TCU entende que pregoeiro não pode ser responsabilizado por falha em edital

O Tribunal de Contas da União – TCU, por meio do Acórdão nº 3213/2019 – Primeira Câmara, entendeu que o pregoeiro não pode ser responsabilizado por irregularidade em edital de licitação, já que sua elaboração não se insere no rol de competências que lhe foram legalmente atribuídas. O fato em questão teve relatoria do ministro Benjamin Zymler.

Conforme o ministro, exigências para habilitação são itens inerentes à etapa de planejamento da contratação, razão pela qual irregularidades apuradas nessa fase não podem ser imputadas aos integrantes da comissão de licitação, designada para a fase de condução do certame. O caso concreto referia-se a um pregoeiro que foi multado em R$ 3 mil por “não observar as regras definidas pela legislação ao se omitir e não comunicar à autoridade superior a existência no edital de licitação de cláusulas restritivas e a ausência de orçamento detalhado ou pesquisa de preços que fundamentassem o valor estimado da contratação”.
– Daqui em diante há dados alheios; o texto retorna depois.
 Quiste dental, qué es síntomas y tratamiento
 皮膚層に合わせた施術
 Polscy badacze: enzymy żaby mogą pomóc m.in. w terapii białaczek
Na análise do recurso, foi retirada a responsabilidade do pregoeiro e destacado pelo acórdão: “Não constitui incumbência obrigatória da CPL, do pregoeiro ou da autoridade superior realizar pesquisas de preços no mercado e em outros entes públicos, sendo essa atribuição, tendo em vista a complexidade dos diversos objetos licitados, dos setores ou pessoas competentes envolvidos na aquisição do objeto”.
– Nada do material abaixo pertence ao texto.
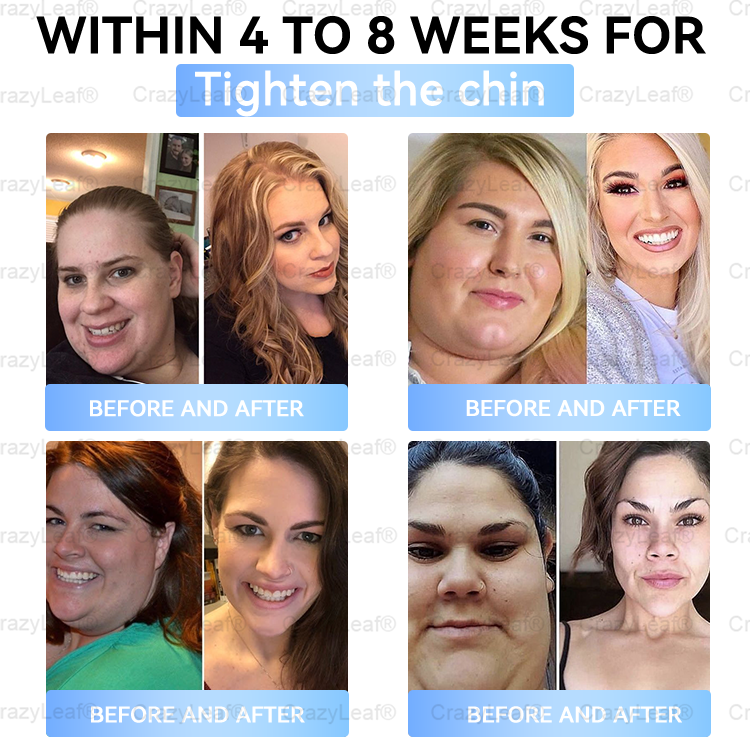 🏥FDA Official Store | 𝐵uil𝗱𝐿ea𝐟® 𝑮𝐋𝑃-1 Slim & Firm 𝑁ano 𝑀icroneedle 𝑃atch with Collagen, Turmeric & Matrixyl 3000丨Obesity, Cardiovascular Disease, Diabetes, Sleep Apnea, Joint Problems and More
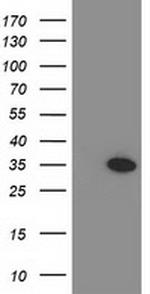 MYD88 Antibody in Western Blot (WB)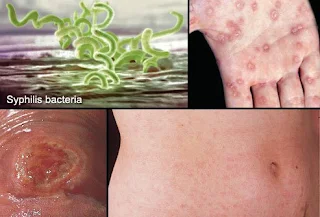 Effect of calamine lotion on scabies infection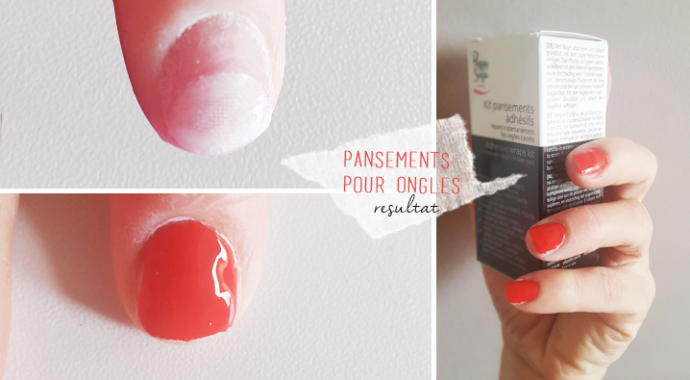 réparer un ongle cassé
Assim, segundo o advogado e professor de Direito Jorge Ulisses Jacoby Fernandes, o gestor, por mais competente e cumpridor do seu dever que seja, receia que alguma punição recaia sobre si. “Alguns vão além das suas obrigações no intuito de zelar pelo erário público e acabam sendo repreendidos por tal atitude. Outros, preferem se omitir e não fazer, pois o custo da penalidade recebida pode ser alta e levar à completa desestruturação da sua vida particular”, afirma.
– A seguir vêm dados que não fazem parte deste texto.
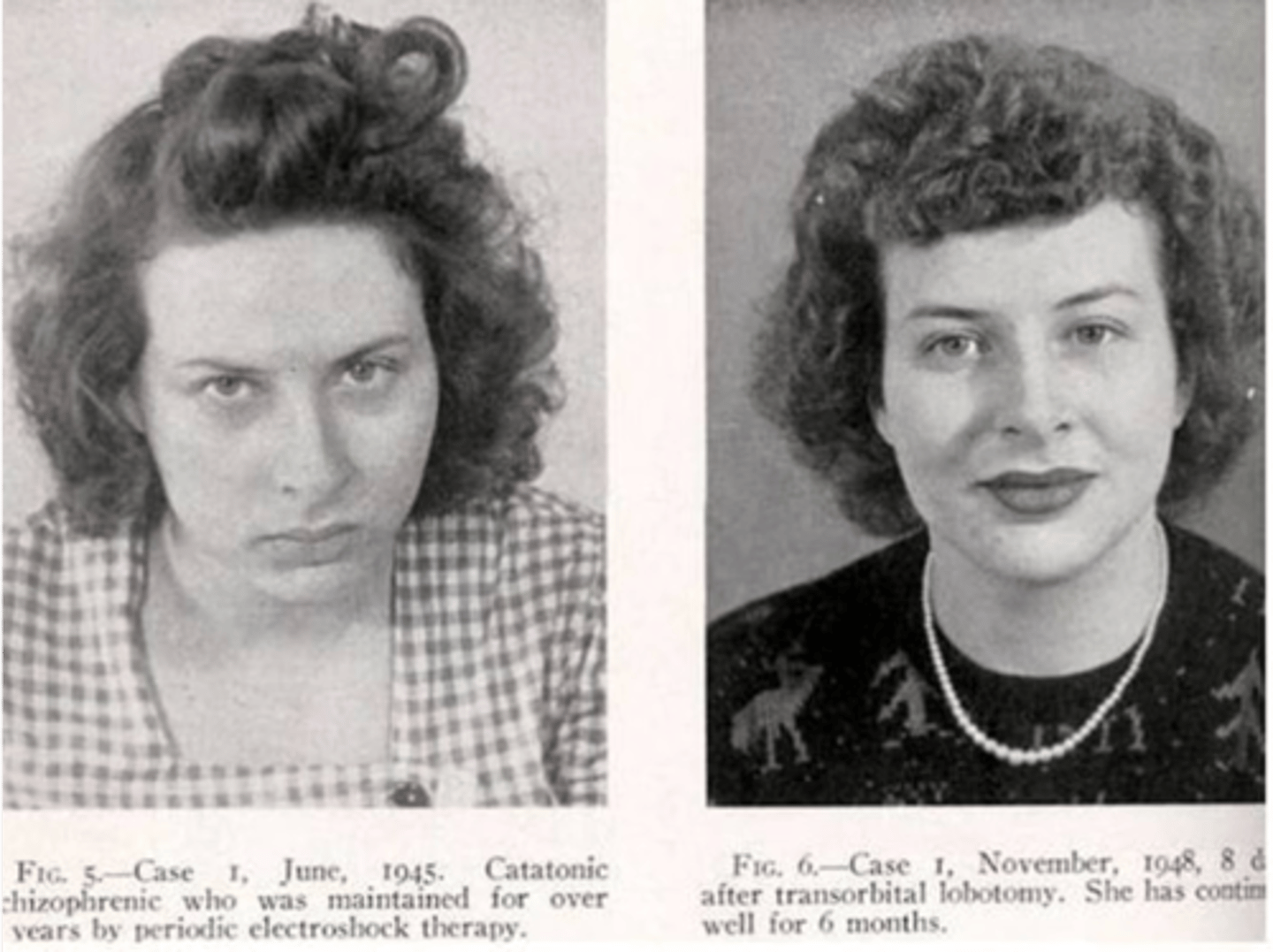 <p>prefrontal cortex; after a prefrontal lobotomy or injury to the prefrontal cortex, patients exhibit differences in their personality and expressions</p>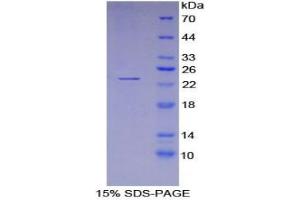 SDS-PAGE analysis of Mouse LEDGF Protein. (PSIP1 蛋白)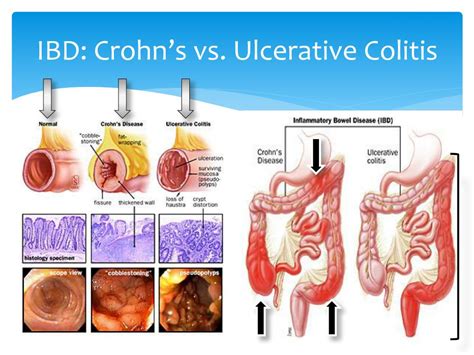 PPT - Nutritional Management of Crohn’s Disease PowerPoint Presentation ...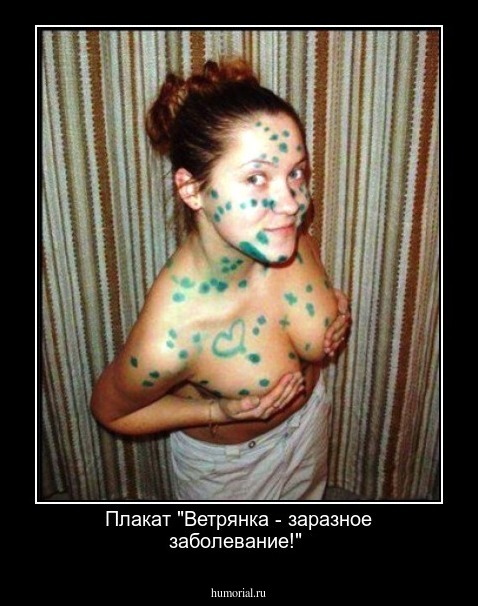 Плакат "Ветрянка - заразное заболевание!"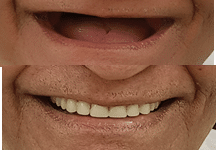 Dr Sorabh R. Jain | Prosthodontist and TMJ specialist dentist in Kandivali East Mumbai
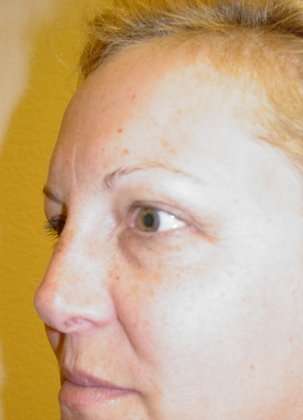 Blepharoplasty Before & After Patient #452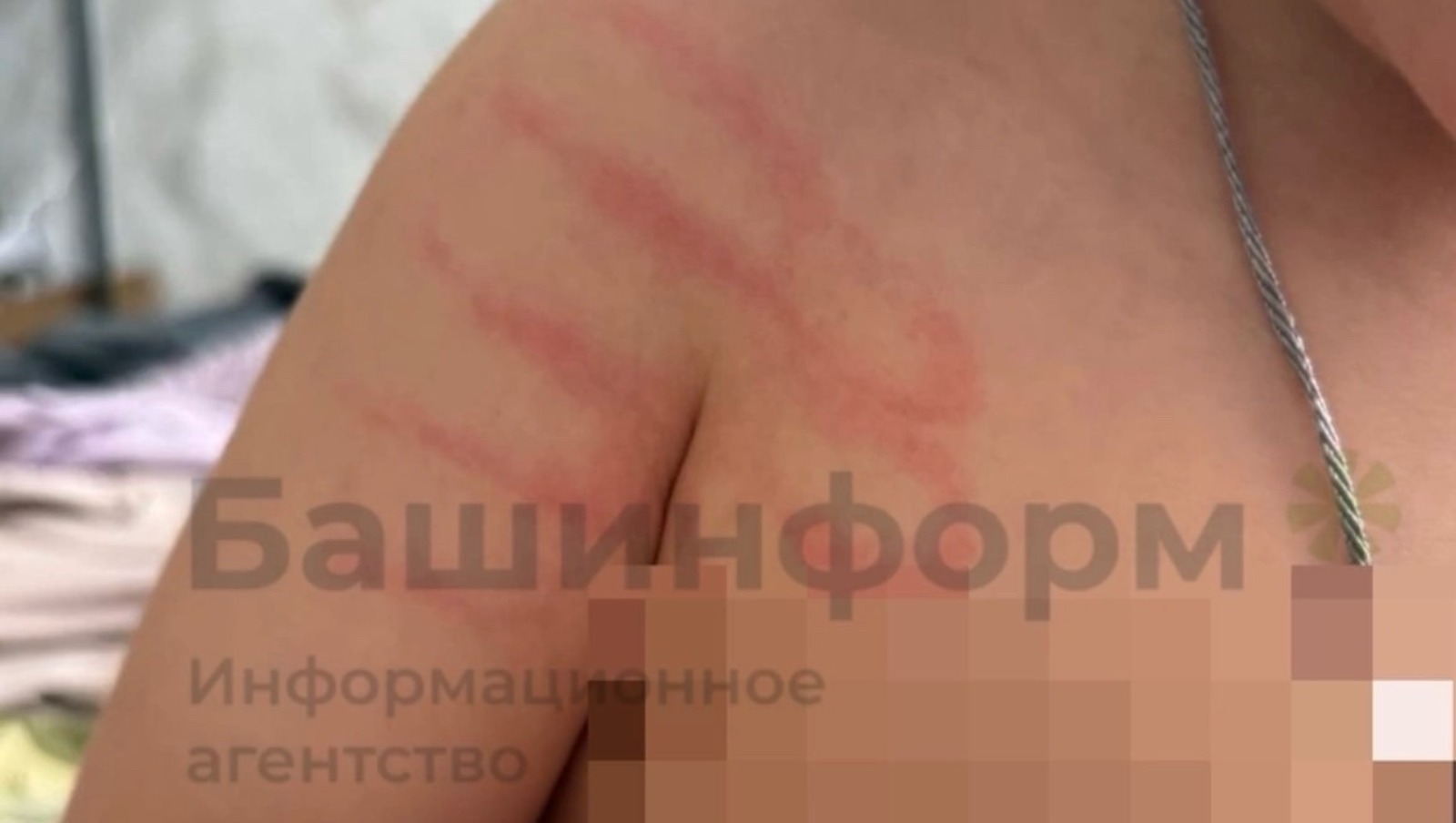 В Башкирии у ребенка после посещения детсада появились следы побоев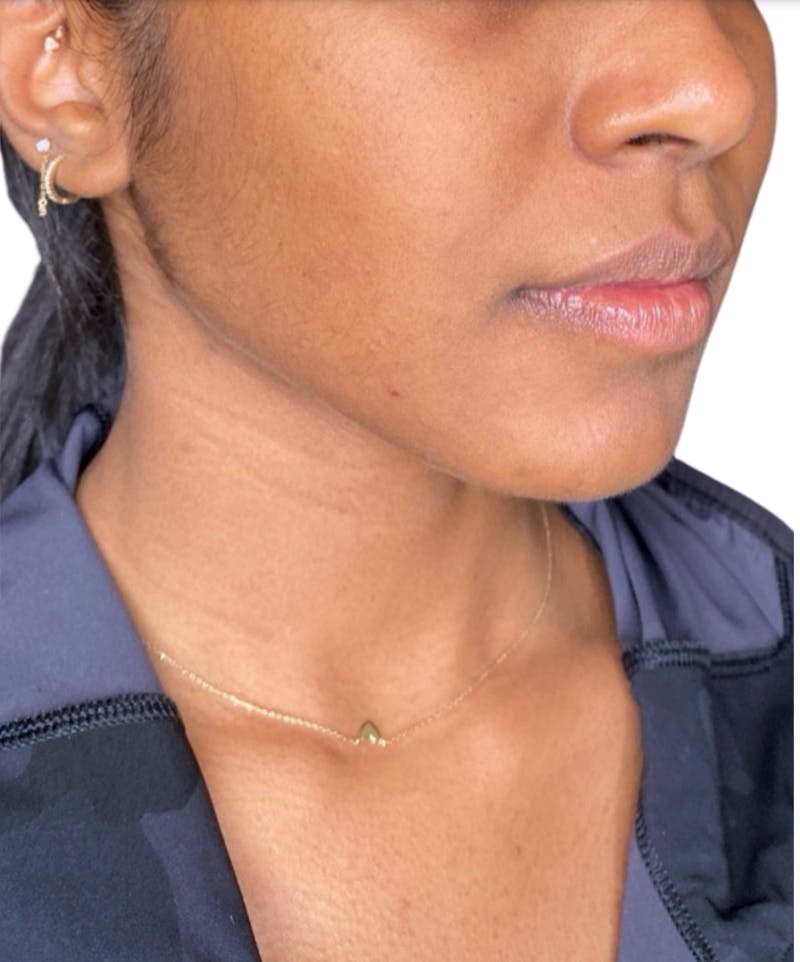 Filler Before & After Gallery - Patient 316915 - Image 2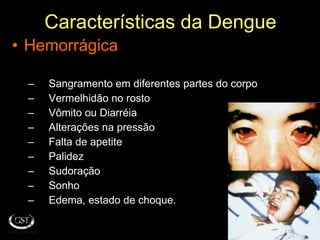 Características da Dengue Hemorrágica Sangramento em diferentes partes do corpo Vermelhidão no rosto Vômito ou Diarréia Alterações na pressão Falta de apetite Palidez  Sudoração Sonho Edema, estado de choque. 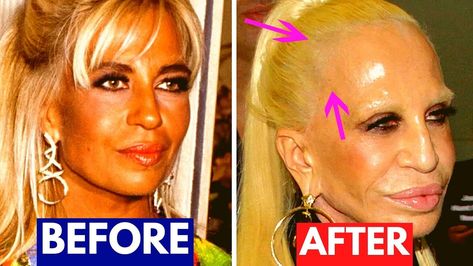 Celebrities with Botox Gone Wrong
De acordo com o professor, no caso do pregoeiro, um importante instrumento pode ser criado para garantir a atividade eficiente e adstrita à legalidade durante o pregão: um código de conduta. “Além de ser uma garantia para a Administração Pública, o código de conduta servirá de guia para o pregoeiro na sua atividade diária, ajudando na tomada de decisão e na motivação dos seus atos. Com a produção do instrumento, a Administração Pública tem oportunidade de se aperfeiçoar e se operacionalizar com mais eficiência”, destaca Jacoby Fernandes.

Segurança para a Administração

O pregão eletrônico, no ano de 2008, respondeu por R$ 12,2 bilhões – 73,7% – do valor de bens e serviços comuns licitados e por 33.972 processos de compra – 79,4% – dos procedimentos. Já no exercício de 2010, as aquisições pela modalidade fecharam na cifra de R$ 26,2 bilhões, ou 46%, do total de compras governamentais, representando uma economia de R$ 7,1 bilhões ao Executivo federal.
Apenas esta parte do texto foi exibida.